Myrren's Gift is from the start a very traditional fantasy, set in a medieval-style world and featuring royalty, battles, horses, castles, and the odd witch. The king's trusted general, Fergys Thirsk, falls in battle, leaving his young son to inherit his generalship. Wyl Thirsk is tasked with protecting prince Celimus, and the king hopes that Wyl and Celimus will become friends just as he and Fergys Thirsk were.

   






But Celimus is a cruel prince who takes after his late mother, and he harbours nothing but hatred for his father.

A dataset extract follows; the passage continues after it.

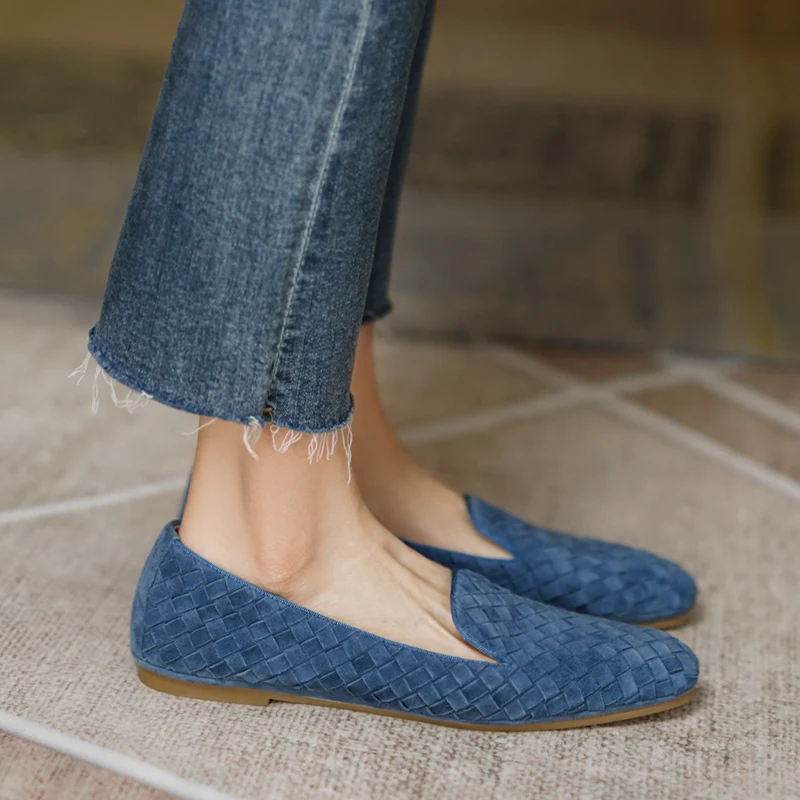 Women\'s Mules Outer Wear Sqaure Toe Flats Kid Suede Spring Lazier Flats Real Leather Simple Style Weave Mule Daily Loafer Shoes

Fears of witchcraft are receding under the enlightened rule of King Magnus, and the cruel Zerque religion is in decline. But it's not enough to save Myrren, who is condemned as a witch purely because of her odd-coloured eyes. But before she dies Wyl shows her a little kindness, and that changes everything for him.

Wyl is sent to the neighbouring country of Briavel to ask for the hand of Princess Valentyna on behalf of Celimus. But treachery is afoot, and pretty soon Wyl has his loyalties to his family and homeland severely tested. A union between Briavel and Morgravia would ensure peace, but at what price?

From the early chapters of Myrren's Gift there are uncompromising scenes of torture, brutality and death. It's a blood-soaked novel with some extremely grisly moments that are clearly intended to shock.

Wyl has an unlikely ally in Fynch, the palace gong boy, as well as the help of a fierce and unusually smart dog, Knave. The story takes a strange turn early on as the nature of Myrren's Gift makes itself known.

Yet this is a very conventional fantasy in many ways. Some of the characters are a little too black and white, either the epitome of evil or paragons of goodness. Not only the plot but the behaviour of all the other characters seems to revolve too much around Wyl, often quite clumsily. People just don't seem to ignore him or feel indifferent about him as often as they ought to. So Myrren's Gift can be predictable in its one-track focus, and this is coupled with writing that's occasionally over-melodramatic.

The romance that springs up does not sizzle, perhaps because there's too little tension between the too-perfect characters. Above all Myrren's Gift lacks subtlety, and this is why a story that starts well tails off and becomes cornier as it progresses.

This is not to say that this novel entirely fails to please. It has its moments, and it maintains pace and suspense throughout. The ending is satisfying, if not entirely unpredictable. So in spite of its flaws this is a novel that fans of high fantasy can get stuck into, and indeed absorbed in for hours, for some lightweight and action-packed escapism.